The country’s central bank faces tough choices over the pace of reform, but is likely to err towards the side of change over stability and only intervene in spot prices periodically to deter excessive speculation, according to Ju Wang, senior Asian FX strategist at HSBC. “This would see the recent status quo maintained for all three RMB curves in the short term,” she said. “In this light, the best strategy remains being short the long-end spreads between the dollar-renminbi and dollar-renminbi NDF [non-deliverable forward] curves, given the positive carry.”
She argues that Beijing has five policy options in terms of currency liberalization. The first is to maintain the status quo and wait for the market to self-correct.
“However, it may be difficult to sustain this policy, particularly if Europe and the US manage to get greater traction on solving their debt concerns, even for a temporary period, as positive sentiment would increase downward USD/CNY pressure,” she said.
The renminbi is likely to perform well throughout the rest of this year and the first quarter of 2013 due to seasonal and cyclical factors, so downside pressure on the dollar-renminbi is likely to remain in the near term, she said. If this continues, the PBoC could feasibly adjust FX policy to clear the dislocation in the market.
The second scenario could see the central bank return to its previous policy of aggressively buying dollars, providing the demand needed at the bottom of the daily band.
“In our view, many billions of RMB liquidity would be released into the system, which could lessen the need for further RRR [reserve ratio requirement] cuts,” she said. “The onshore forward curve would flatten and interest rate parity would be less visible.”

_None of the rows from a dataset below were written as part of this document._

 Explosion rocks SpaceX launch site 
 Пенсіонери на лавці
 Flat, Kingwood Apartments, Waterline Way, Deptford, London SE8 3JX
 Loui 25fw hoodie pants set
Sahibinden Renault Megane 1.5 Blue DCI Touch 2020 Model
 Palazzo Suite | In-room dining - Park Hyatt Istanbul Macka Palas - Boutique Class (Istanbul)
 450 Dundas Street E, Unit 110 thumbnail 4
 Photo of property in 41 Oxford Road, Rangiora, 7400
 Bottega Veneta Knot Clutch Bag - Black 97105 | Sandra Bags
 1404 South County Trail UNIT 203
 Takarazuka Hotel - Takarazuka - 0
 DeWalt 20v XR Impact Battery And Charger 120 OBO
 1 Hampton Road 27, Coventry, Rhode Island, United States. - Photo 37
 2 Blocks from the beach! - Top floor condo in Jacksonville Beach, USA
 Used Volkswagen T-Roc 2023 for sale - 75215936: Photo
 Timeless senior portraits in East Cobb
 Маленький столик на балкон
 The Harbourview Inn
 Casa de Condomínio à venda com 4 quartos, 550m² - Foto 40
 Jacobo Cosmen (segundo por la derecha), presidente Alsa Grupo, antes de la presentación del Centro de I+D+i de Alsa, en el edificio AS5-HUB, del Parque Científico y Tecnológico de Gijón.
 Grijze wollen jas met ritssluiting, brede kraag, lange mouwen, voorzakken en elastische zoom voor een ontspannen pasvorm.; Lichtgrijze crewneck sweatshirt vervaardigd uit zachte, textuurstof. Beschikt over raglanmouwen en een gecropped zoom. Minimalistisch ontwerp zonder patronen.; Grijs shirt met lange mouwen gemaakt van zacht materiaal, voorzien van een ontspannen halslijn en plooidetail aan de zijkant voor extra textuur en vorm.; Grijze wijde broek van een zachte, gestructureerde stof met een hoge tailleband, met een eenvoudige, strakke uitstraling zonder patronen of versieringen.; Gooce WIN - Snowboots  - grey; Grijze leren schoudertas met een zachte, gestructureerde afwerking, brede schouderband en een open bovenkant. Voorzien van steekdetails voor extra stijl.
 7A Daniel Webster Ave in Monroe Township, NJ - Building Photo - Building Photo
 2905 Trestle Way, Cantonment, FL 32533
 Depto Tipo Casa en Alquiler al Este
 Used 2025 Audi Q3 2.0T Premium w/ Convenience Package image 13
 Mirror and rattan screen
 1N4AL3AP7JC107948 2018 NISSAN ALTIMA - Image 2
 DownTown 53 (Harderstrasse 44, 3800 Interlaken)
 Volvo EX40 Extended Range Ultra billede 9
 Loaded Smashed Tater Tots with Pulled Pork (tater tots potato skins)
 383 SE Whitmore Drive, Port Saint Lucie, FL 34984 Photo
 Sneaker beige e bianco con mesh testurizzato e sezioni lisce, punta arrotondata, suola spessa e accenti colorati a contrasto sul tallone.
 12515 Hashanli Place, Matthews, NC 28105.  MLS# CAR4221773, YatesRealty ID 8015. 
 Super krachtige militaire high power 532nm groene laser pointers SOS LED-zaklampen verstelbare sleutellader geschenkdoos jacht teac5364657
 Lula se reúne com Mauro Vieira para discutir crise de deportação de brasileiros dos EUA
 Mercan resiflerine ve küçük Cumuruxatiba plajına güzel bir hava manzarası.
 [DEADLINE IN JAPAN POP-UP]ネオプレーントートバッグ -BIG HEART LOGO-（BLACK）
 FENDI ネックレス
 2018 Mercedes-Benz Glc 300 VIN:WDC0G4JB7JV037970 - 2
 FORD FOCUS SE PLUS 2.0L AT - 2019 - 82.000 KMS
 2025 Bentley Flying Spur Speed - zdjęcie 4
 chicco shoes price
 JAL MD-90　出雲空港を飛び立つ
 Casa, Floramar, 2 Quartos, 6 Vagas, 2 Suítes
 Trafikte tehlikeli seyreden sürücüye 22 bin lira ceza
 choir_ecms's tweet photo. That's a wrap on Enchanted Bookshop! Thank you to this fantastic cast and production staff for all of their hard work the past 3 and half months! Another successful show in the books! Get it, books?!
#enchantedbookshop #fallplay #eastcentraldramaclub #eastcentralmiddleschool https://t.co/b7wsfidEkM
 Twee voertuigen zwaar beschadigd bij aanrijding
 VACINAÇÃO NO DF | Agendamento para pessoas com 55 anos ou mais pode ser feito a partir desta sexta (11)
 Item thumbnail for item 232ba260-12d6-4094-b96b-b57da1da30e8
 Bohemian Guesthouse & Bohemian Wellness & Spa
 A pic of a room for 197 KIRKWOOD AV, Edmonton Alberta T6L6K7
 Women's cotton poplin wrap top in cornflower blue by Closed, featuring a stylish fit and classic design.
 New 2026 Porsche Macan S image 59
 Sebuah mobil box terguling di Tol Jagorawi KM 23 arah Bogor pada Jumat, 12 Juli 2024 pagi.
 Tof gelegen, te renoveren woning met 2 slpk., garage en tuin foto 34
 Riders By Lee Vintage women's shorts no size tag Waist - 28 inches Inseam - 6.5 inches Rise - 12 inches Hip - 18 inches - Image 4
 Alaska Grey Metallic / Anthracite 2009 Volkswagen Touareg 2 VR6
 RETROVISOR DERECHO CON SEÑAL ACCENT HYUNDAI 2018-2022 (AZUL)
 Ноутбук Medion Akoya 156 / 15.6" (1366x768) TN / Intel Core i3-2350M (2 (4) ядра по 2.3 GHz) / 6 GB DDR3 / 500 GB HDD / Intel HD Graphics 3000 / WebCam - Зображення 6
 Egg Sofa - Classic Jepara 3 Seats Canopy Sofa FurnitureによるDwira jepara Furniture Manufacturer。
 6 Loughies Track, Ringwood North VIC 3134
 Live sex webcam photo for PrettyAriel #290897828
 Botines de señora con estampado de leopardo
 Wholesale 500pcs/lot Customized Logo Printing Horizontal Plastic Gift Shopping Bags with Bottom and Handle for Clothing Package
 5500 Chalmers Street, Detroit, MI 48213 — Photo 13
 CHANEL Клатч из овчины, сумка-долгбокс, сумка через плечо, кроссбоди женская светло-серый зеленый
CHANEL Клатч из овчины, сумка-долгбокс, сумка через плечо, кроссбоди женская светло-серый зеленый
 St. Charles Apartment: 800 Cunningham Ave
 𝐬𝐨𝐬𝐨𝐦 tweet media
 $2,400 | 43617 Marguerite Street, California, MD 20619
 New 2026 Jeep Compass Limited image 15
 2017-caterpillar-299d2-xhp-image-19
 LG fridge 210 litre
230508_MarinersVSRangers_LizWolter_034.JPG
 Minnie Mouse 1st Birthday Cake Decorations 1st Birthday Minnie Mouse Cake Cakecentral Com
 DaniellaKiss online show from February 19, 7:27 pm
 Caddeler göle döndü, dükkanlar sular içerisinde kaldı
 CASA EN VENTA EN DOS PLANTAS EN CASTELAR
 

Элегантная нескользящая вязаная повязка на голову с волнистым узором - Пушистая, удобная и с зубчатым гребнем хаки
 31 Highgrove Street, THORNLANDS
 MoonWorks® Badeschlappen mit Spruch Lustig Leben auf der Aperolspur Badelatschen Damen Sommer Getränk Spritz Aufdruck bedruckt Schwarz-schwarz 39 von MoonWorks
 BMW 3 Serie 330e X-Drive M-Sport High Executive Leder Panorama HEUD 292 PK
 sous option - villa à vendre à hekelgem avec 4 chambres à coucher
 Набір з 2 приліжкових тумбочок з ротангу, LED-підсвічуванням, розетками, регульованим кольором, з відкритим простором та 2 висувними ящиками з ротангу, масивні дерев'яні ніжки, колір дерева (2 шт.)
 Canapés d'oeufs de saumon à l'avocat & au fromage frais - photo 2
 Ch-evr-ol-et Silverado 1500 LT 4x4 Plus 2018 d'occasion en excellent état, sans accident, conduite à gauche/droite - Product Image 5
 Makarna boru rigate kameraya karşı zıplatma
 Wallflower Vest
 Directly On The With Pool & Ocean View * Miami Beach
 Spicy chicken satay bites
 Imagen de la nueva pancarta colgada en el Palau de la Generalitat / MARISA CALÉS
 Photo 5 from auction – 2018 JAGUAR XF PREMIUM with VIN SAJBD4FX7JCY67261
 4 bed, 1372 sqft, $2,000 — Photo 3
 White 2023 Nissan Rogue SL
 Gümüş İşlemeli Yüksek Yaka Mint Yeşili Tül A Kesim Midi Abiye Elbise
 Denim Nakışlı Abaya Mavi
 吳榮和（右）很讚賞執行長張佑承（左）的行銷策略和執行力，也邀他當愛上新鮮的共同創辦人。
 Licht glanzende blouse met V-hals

By her calculations, the PBoC would have needed to buy the dollar equivalent of Rmb100 billion to Rmb130 billion ($16 billion to $20.9 billion) each month for the past three months to soak up all of the inflows. However, as central bank action has been limited since September, she argues that there are around Rmb300 billion to Rmb400 billion of long US dollar positions held by banks or corporates that have not been cleared through the system.
“If the PBoC were to resume its previous, aggressive [US dollar] buying programme, then the amount of RMB liquidity pumped into the onshore market would be around this sort of size,” said Wang. “This is also nearly equivalent to a 50bp [basis point] RRR cut.”
The third option would be to move the dollar-renminbi fix sharply lower to close the gap with the spot rate, she said. This would lead to a swift fall in the dollar-renminbi swap.
“Furthermore, it may take a sizeable amount of CNY appreciation before the market reaches equilibrium, which in turn could challenge the outlook for exports,” said Wang. “As such, while we think the USD/CNY fix is becoming gradually more market-driven, we do not think it will be shifted significantly lower in the short term.”
Fourthly, the central bank could choose to widen the dollar-renminbi band from its current width of plus or minus 1%. This would have a similar effect on the spot market as moving the fix lower, but there would be more room for flexibility on a daily basis.
“However, the level of the short end NDFs may not drop as aggressively,” added Wang. “The NDFs would still be priced off the fix – which would remain on a gradual downward trend – rather than the spot rate, which would move lower more quickly. As such, the convergence between the two offshore forward curves – NDF and CNH – would be less likely to occur, assuming the fix remained relatively stable.”
Finally, the PBoC could aggressively fix the currency to reverse renminbi appreciation expectations. This would ease appreciation pressure in the short term, but if the exchange rate remains well above a near term equilibrium level and the market continues to support a longer-term RMB appreciation view, then the effect might not last.
“In a knee-jerk reaction, the three RMB curves may shift to the right and the curve could steepen a bit,” said Wang. “But the curves would soon flatten again, to price in more appreciation in the future.”
She pointed out that these five options are not mutually exclusive, but on the whole the central bank is most likely to stick to the first one, keeping away from intervention as much as possible, while allowing the dollar-renminbi fix to move gradually lower.